EXERCISE AIM
Please write out all the entries exactly, without the pictures.
++++ MATERIAL FOR THIS TASK
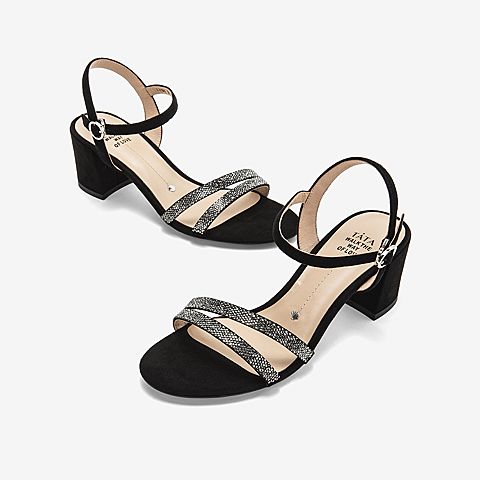 Tata/他她夏专柜同款黑色拼接一字带高跟女凉鞋2ICB6BL9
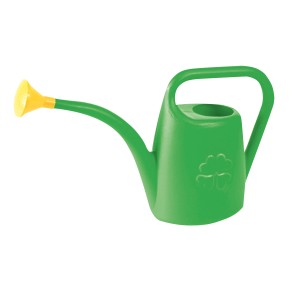 Zielona konewka z żółtą końcówką, Konewki do podlewania ogrodu.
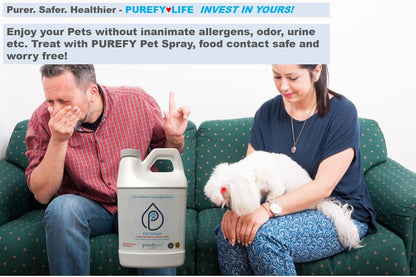 PUREFY Pet Spray (68oz) Eliminate pet matters and pet urine from the environment. Pet Odor Eliminator. Unscented. No residue. (68oz)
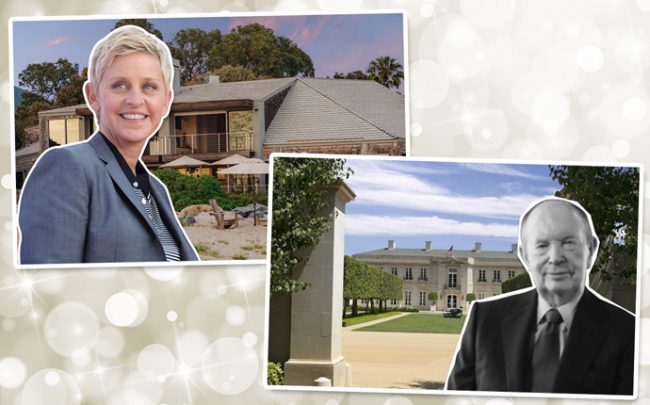 From left: Ellen DeGeneres and her home and Jerry Perenchio and the Chartwell Estate
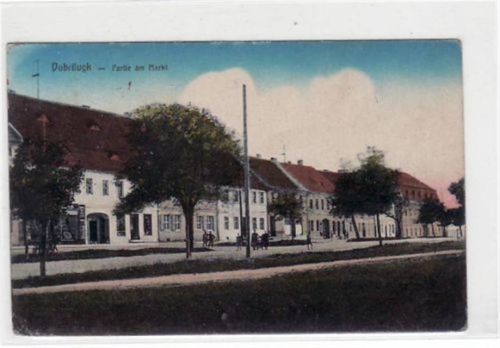 Dobrilugk mit Partie am Markt. ungelaufen handschriftliches Datum von 1917. leichte Eckabschürfungen und Rändern, sonst gut erhalten.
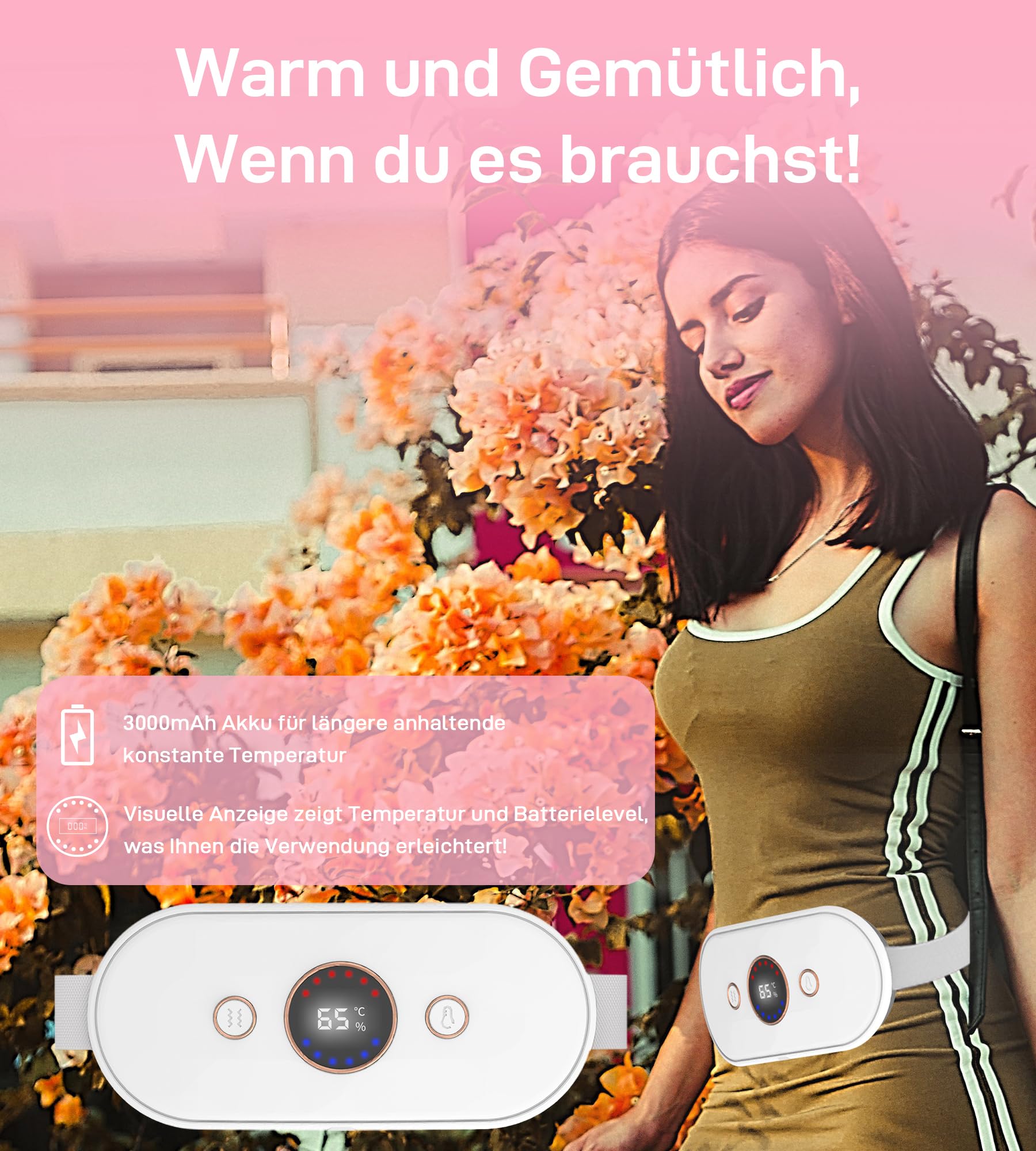 Auskang Perioden Ceinture chauffante avec 6 niveaux de chaleur et 6 modes de massage, coussin chauffant sans fil, ceinture chauffante pour le dos, aide menstruelle - Cadeau pour femmes et filles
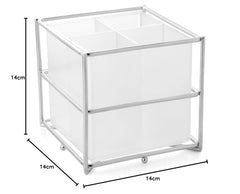 Cutlery holder with steel frame, four sections, and labeled dimensions: 14 cm height and width.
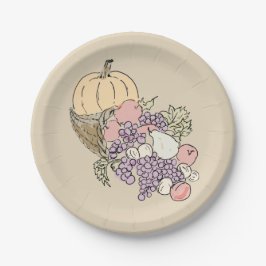 秋の収穫感謝祭絵画の ペーパープレート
++++++++
OUTPUT FOR THIS EXERCISE
 Tata/他她夏专柜同款黑色拼接一字带高跟女凉鞋2ICB6BL9
 Zielona konewka z żółtą końcówką, Konewki do podlewania ogrodu.
 PUREFY Pet Spray (68oz) Eliminate pet matters and pet urine from the environment. Pet Odor Eliminator. Unscented. No residue. (68oz)
 From left: Ellen DeGeneres and her home and Jerry Perenchio and the Chartwell Estate
 Dobrilugk mit Partie am Markt. ungelaufen handschriftliches Datum von 1917. leichte Eckabschürfungen und Rändern, sonst gut erhalten.
 Auskang Perioden Ceinture chauffante avec 6 niveaux de chaleur et 6 modes de massage, coussin chauffant sans fil, ceinture chauffante pour le dos, aide menstruelle - Cadeau pour femmes et filles
 Cutlery holder with steel frame, four sections, and labeled dimensions: 14 cm height and width.
 秋の収穫感謝祭絵画の ペーパープレート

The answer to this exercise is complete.